The production of light olefins (ethylene, propylene and butenes) from various hydrocarbon feedstocks utilizes the technique of pyrolysis, or steam cracking. Pyrolysis involves heating the feedstock sufficiently to cause thermal decomposition of the larger molecules.
In the steam cracking process, it is desirable to maximize the recovery of useful heat from the process effluent stream exiting the cracking furnace. Effective recovery of this heat is one of the key elements of a steam cracker's energy efficiency.
The steam cracking process, however, also produces molecules which tend to combine to form high molecular weight materials known as tar.
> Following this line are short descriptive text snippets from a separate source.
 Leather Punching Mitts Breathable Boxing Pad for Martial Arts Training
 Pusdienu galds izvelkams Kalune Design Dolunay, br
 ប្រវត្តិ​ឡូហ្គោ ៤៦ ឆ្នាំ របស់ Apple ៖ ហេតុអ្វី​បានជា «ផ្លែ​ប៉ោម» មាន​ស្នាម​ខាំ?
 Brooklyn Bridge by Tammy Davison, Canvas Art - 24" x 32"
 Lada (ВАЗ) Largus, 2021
Tar is a high-boiling point, viscous, reactive material that, under certain conditions, can foul heat exchange equipment, rendering heat exchangers ineffective. The fouling propensity can be characterized by three temperature regimes.
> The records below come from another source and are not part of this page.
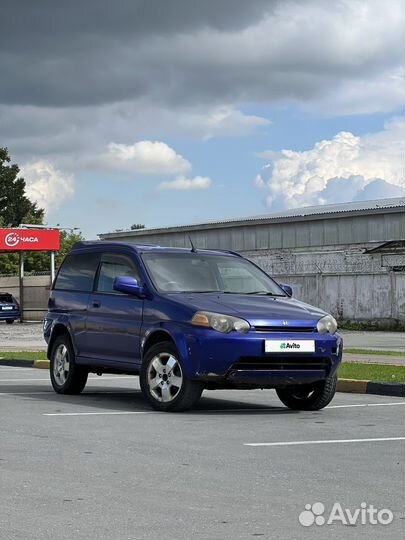 Honda HR-V 1.6 МТ, 2000, 224 732 км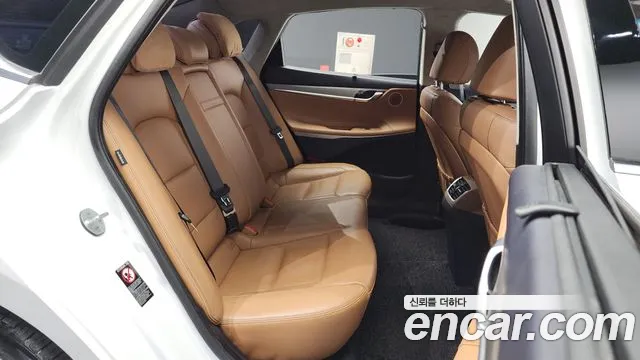 Hyundai Grandeur IG id 2761070 из Кореи 13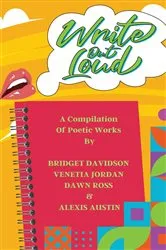 Book cover of Write Out Loud by Bridget Davidson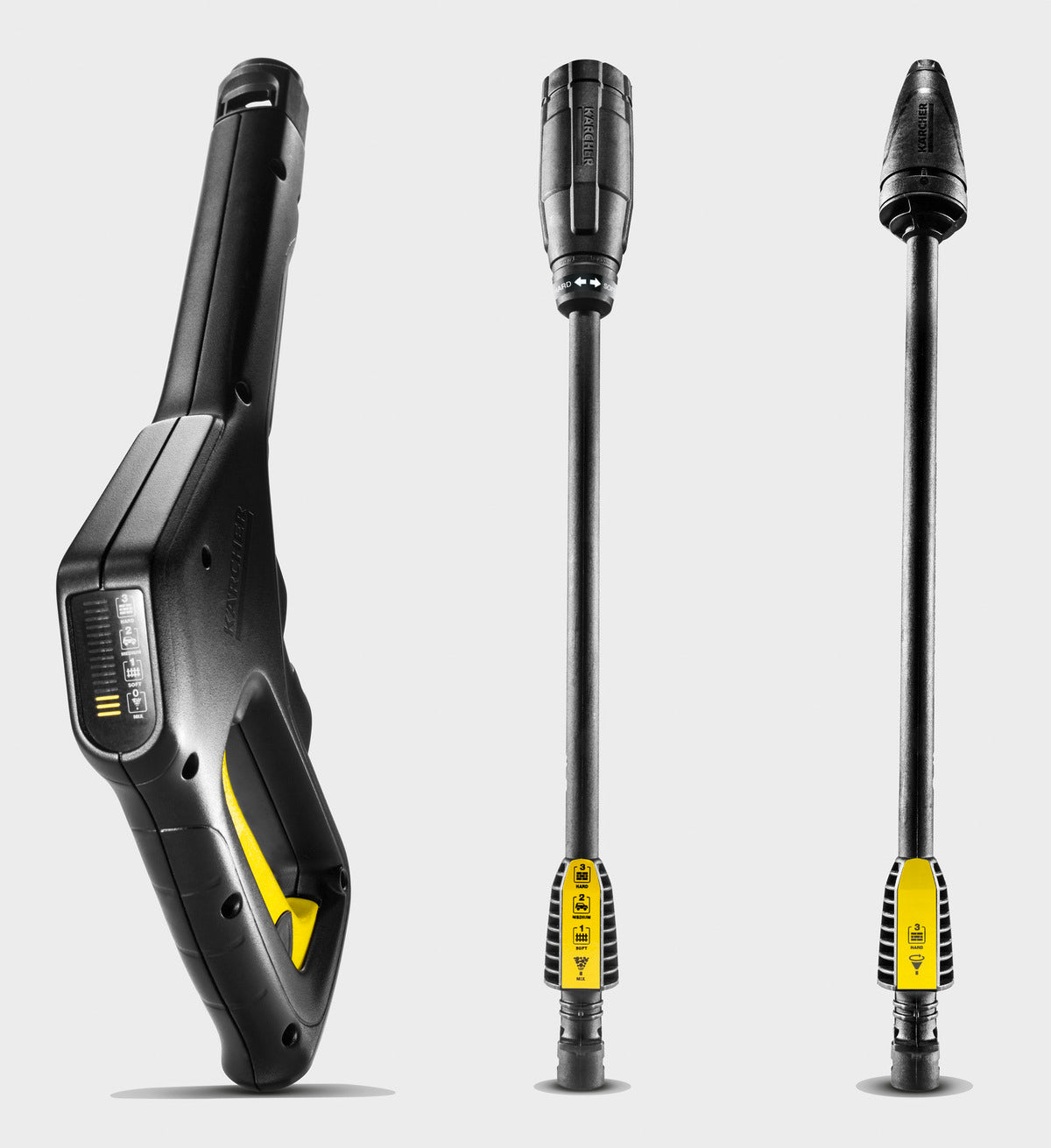 Karcher Pressure Washer K3 Power Control with adjustable pressure, ideal for home cleaning – available at Keans Claremorris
Above the hydrocarbon dew point (the temperature at which the first drop of liquid condenses), the fouling tendency is relatively low. Vapor phase fouling is generally not severe, and there is no liquid present that could cause fouling. Appropriately designed transfer line heat exchangers are therefore capable of recovering heat in this regime with minimal fouling.
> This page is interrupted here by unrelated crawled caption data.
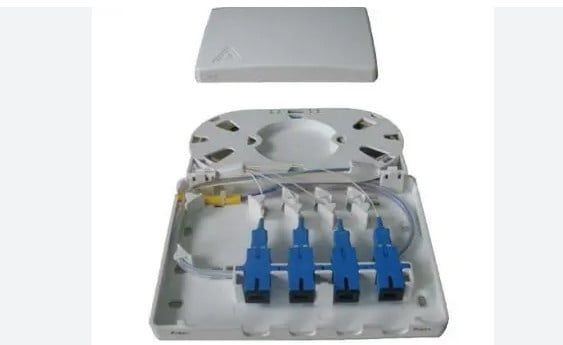 Hộp ODF4 Full phụ kiện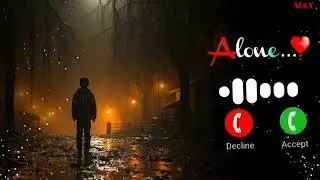 Arijit Singh song lover ringtone || alone boy ringtone || sad boy ringtone || mood off ringtone ||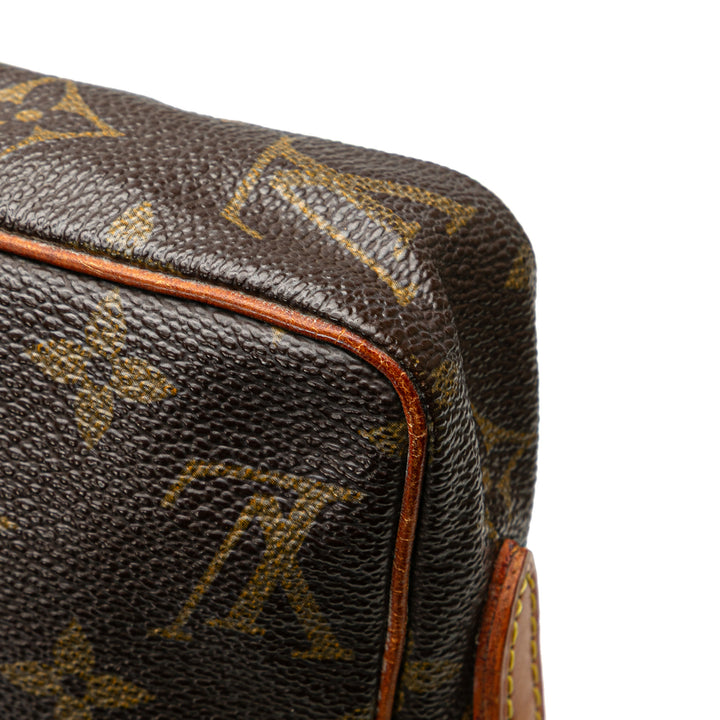 Monogram Mini Danube Brown - Gaby Paris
Between the hydrocarbon dew point and the temperature at which steam cracked tar is fully condensed, the fouling tendency is high. In this regime, the heaviest components in the stream condense. These components are believed to be sticky and/or viscous, causing them to adhere to surfaces. Furthermore, once this material adheres to a surface, it is subject to thermal degradation that hardens it and makes it more difficult to remove.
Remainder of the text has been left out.